**DATA FOR ANALYSIS**:

*** Begin section ***

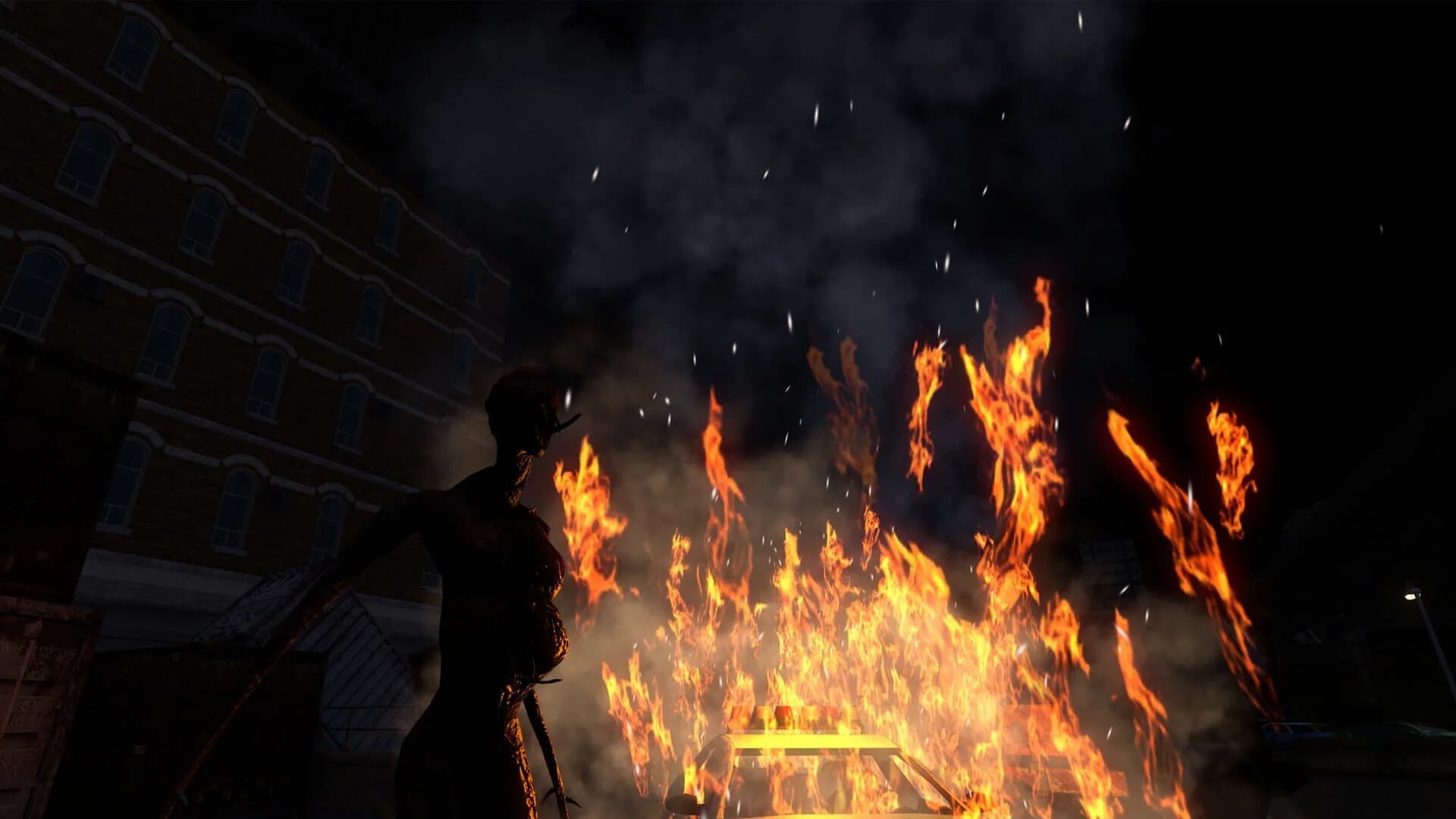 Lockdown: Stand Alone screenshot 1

*** End section ***
*** Begin section ***

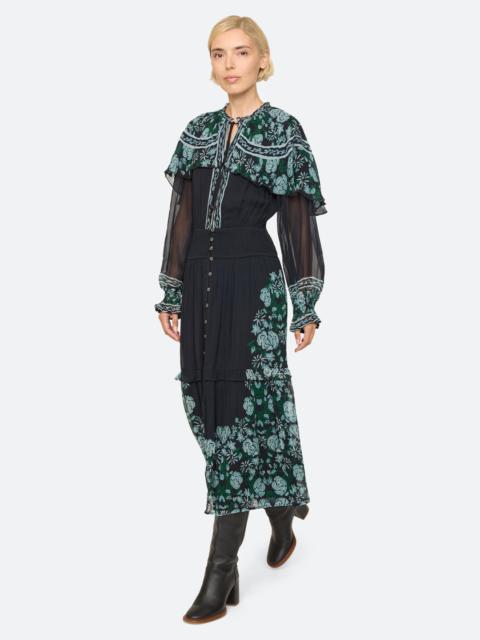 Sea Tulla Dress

*** End section ***
*** Begin section ***

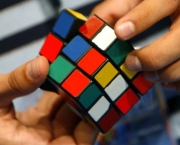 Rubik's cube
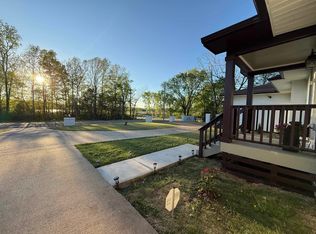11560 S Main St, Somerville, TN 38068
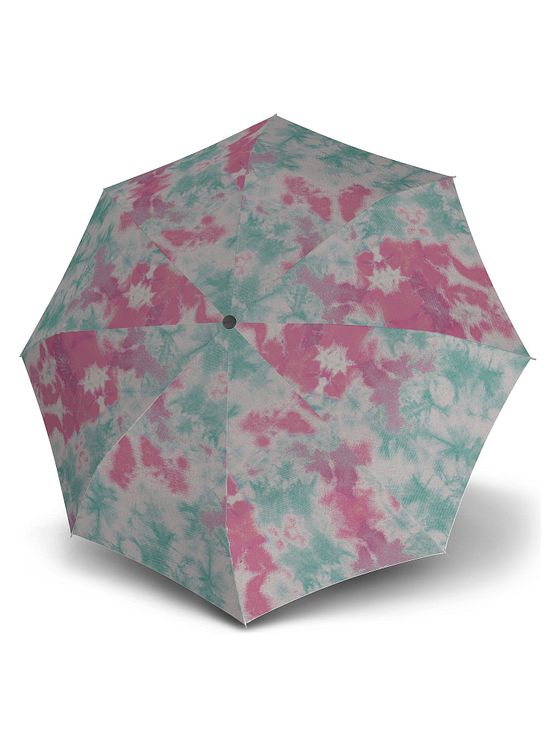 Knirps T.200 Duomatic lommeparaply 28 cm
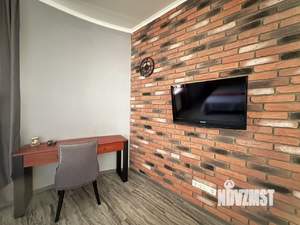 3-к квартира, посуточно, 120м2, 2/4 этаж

*** End section ***

**WHAT TO DO**: Make an exact copy of the lines above, beginning with the line with "Rubik's cube" and ending with the line with "3-к квартира, посуточно, 120м2, 2/4 этаж", and keep the pictures out of it.

**EXPECTED ANSWER**:
 Rubik's cube
11560 S Main St, Somerville, TN 38068
 Knirps T.200 Duomatic lommeparaply 28 cm
 3-к квартира, посуточно, 120м2, 2/4 этаж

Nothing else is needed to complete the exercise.